**Problem details:**
Leave the pictures out and quote only the lines from the one with "adidasKT1850LREVER. FB TT" down to the end of the listing below.

════════════════

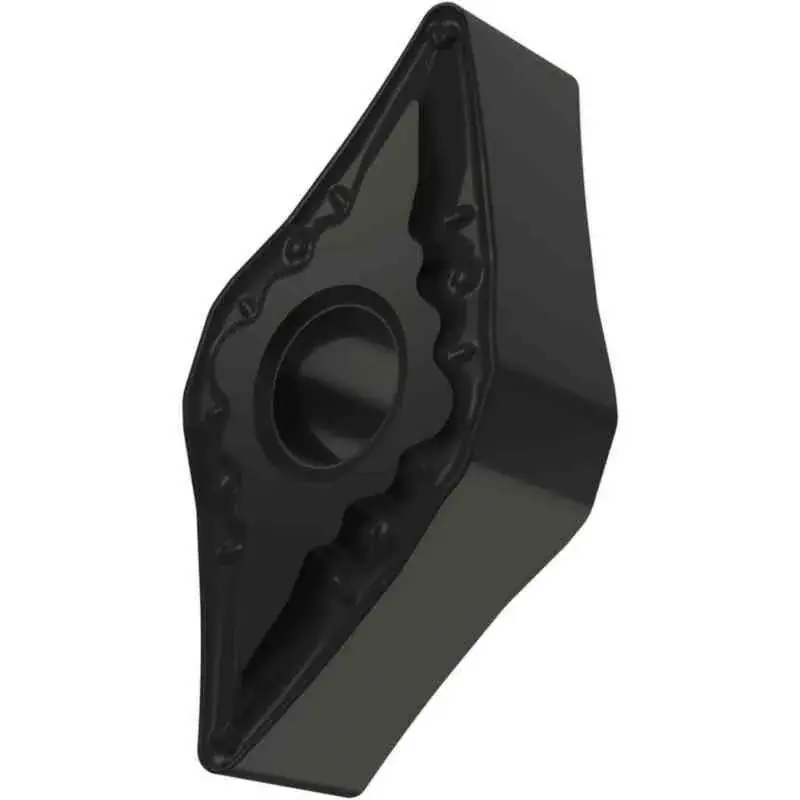 SKÄR DNMG150612E-M T9310 Outlet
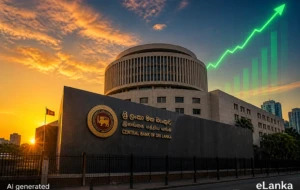 IMF Sri Lanka , Sri Lanka IMF , IMF US$695 million , Sri Lanka economic reforms , IMF Extended Fund Facility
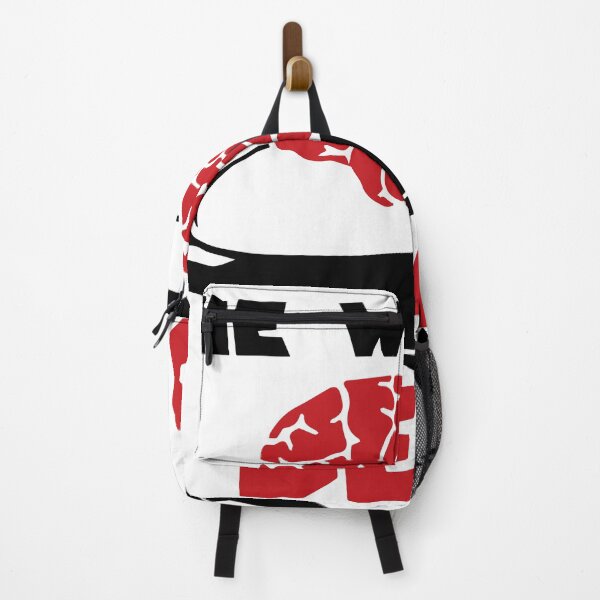 Item preview, The Wokking Dead designed and sold by 451Design.
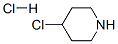 4-}}Yʽ_5382-19-4Yʽ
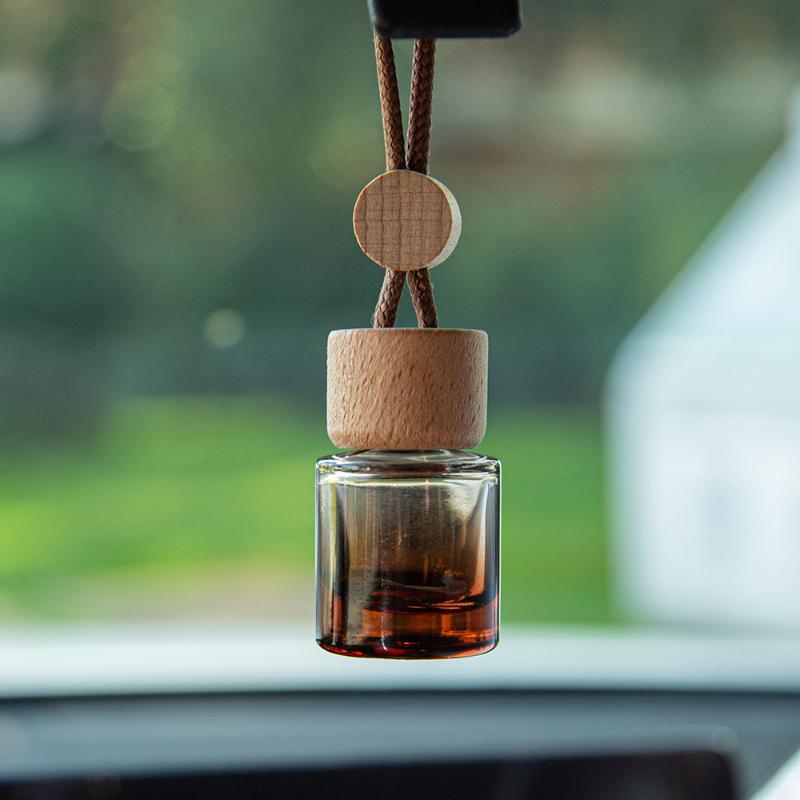 New 1Pcs Car Essential Oil Dif - đánh giá và giá Perfume New Fragrance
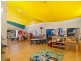 Erina NSW 2250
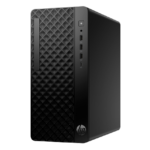 Desktop HP ProDesk 2 Tower G1i E DW5C9AT Intel Core i5-14400/16GB/512GB SSD/Windows 11 Pro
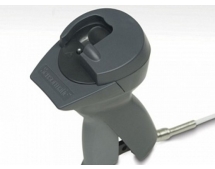 SUPERTAG  MK225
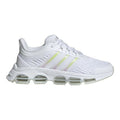 Moteriški sportbačiai Adidas Tencube White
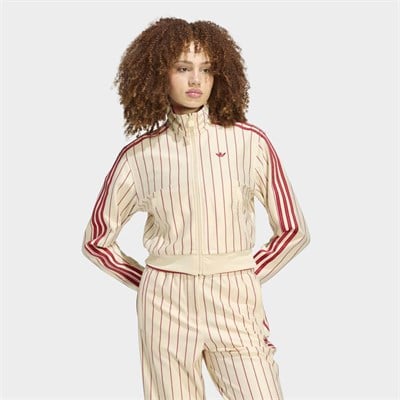adidasKT1850LREVER. FB TT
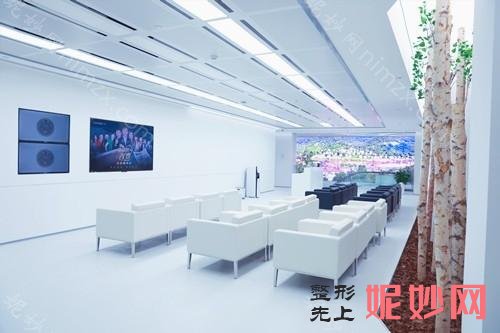 北京种植牙医院十大排名：维乐、维恩恩、瑞尔等实至名归！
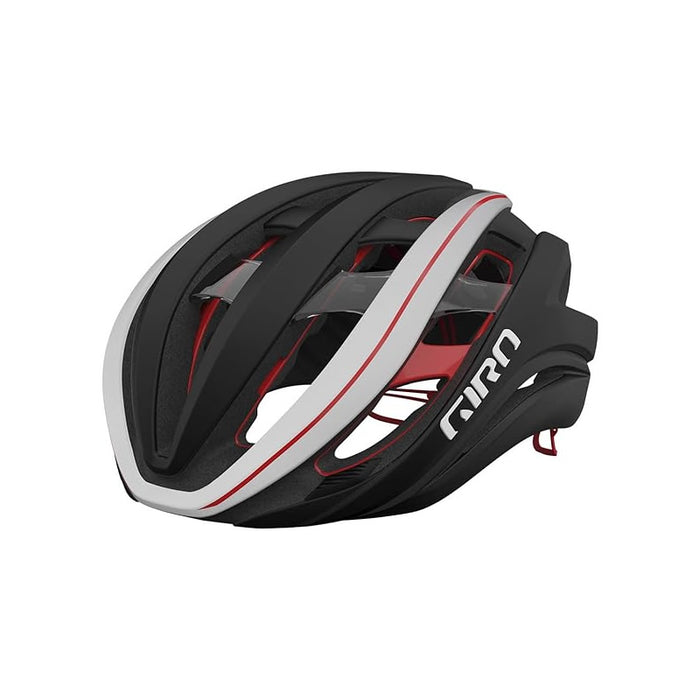 Giro Aether Spherical Bicycle Helmets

════════════════

**Answer box:**
adidasKT1850LREVER. FB TT
 北京种植牙医院十大排名：维乐、维恩恩、瑞尔等实至名归！
 Giro Aether Spherical Bicycle Helmets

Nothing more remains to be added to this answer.